** Opening Exercise data block **
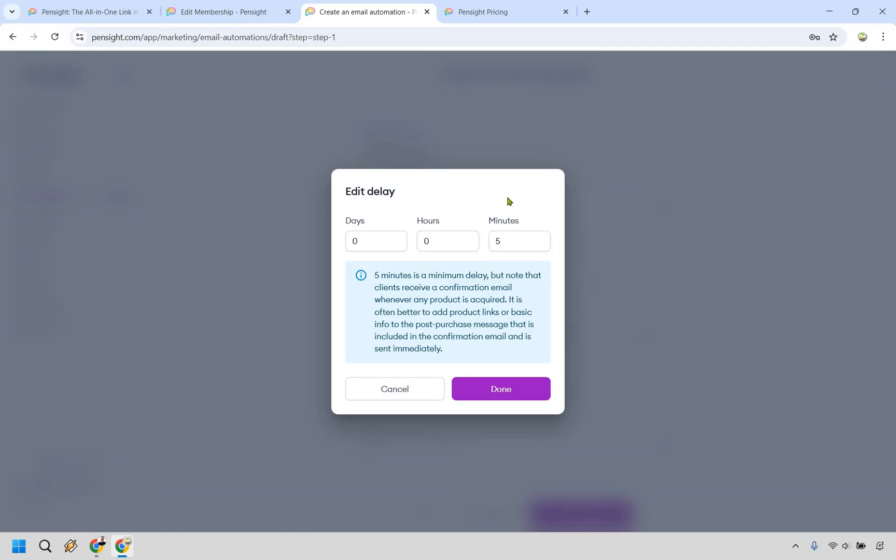Technically, whenever someone signs up for a newsletter or wants to get a free gift from me, I want them getting it immediately as possible. Because if they go to their inbox and they go like three minutes later and it's still not there, they might be like, hey, where is it? You might get an email. Like I, you know, requested this. I didn't get it.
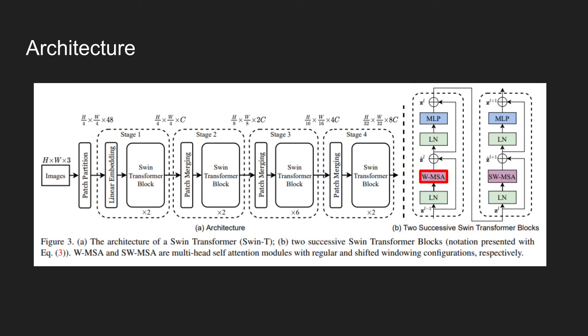The W-MSA denotes a regular self-attention module, and the SW-MSA denotes the attention layer with a shifted windows configuration. The shifting of the window is performed here in the SW-MSA layer.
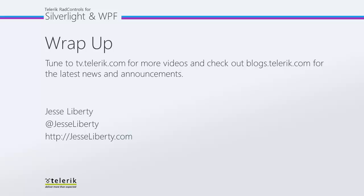I hope you've seen how easy it is to get data out of the standard dialog boxes and to go a bit beyond the usual use of rad window to these more advanced uses. For Telerik, this is Jesse Liberty. Thank you very much, and I look forward to talking with you again very soon.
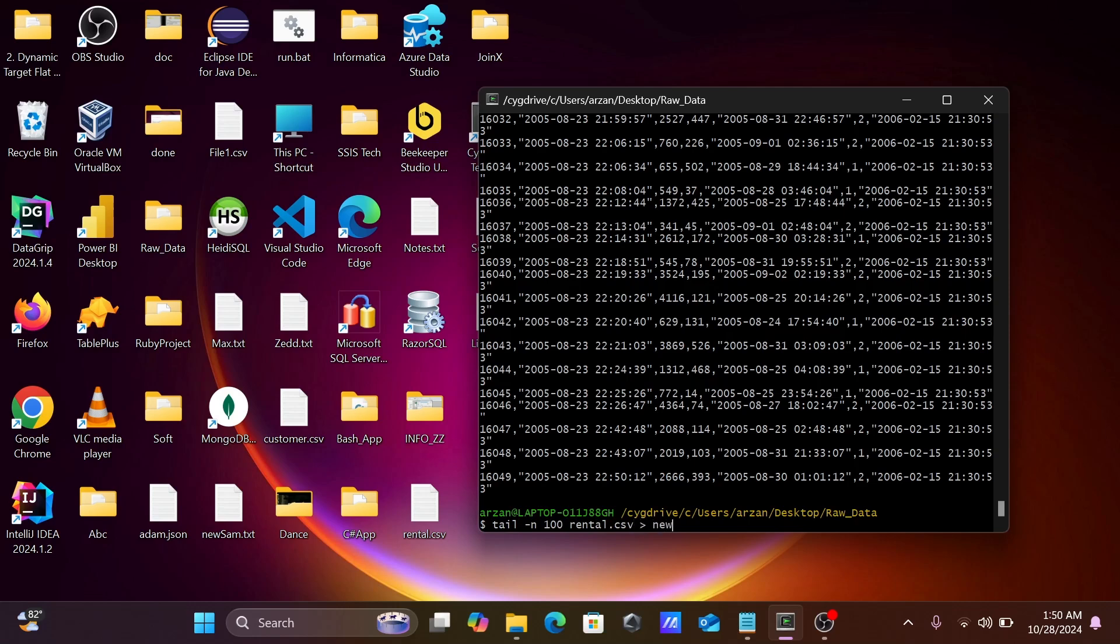Let's give the new filename rental_last_100.txt. So tail from the bottom counts 100 records from this rental.csv file.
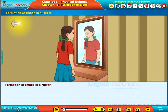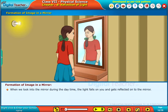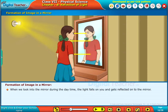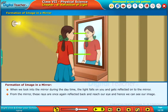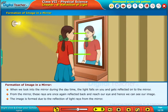Now, let us know how the image is formed in the mirror. When we look into the mirror during the daytime, the light falls on you and gets reflected onto the mirror. From the mirror, these rays are once again reflected back and reach our eye, and hence we can see our image. The image is formed due to the reflection of light rays from the mirror.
** Closing Exercise data block **
Work instruction:
Set down again, exactly, the lines of the material above from its first line to the one with "The W-MSA denotes", inclusive. Leave the pictures out.

Task result:
Technically, whenever someone signs up for a newsletter or wants to get a free gift from me, I want them getting it immediately as possible. Because if they go to their inbox and they go like three minutes later and it's still not there, they might be like, hey, where is it? You might get an email. Like I, you know, requested this. I didn't get it.
The W-MSA denotes a regular self-attention module, and the SW-MSA denotes the attention layer with a shifted windows configuration. The shifting of the window is performed here in the SW-MSA layer.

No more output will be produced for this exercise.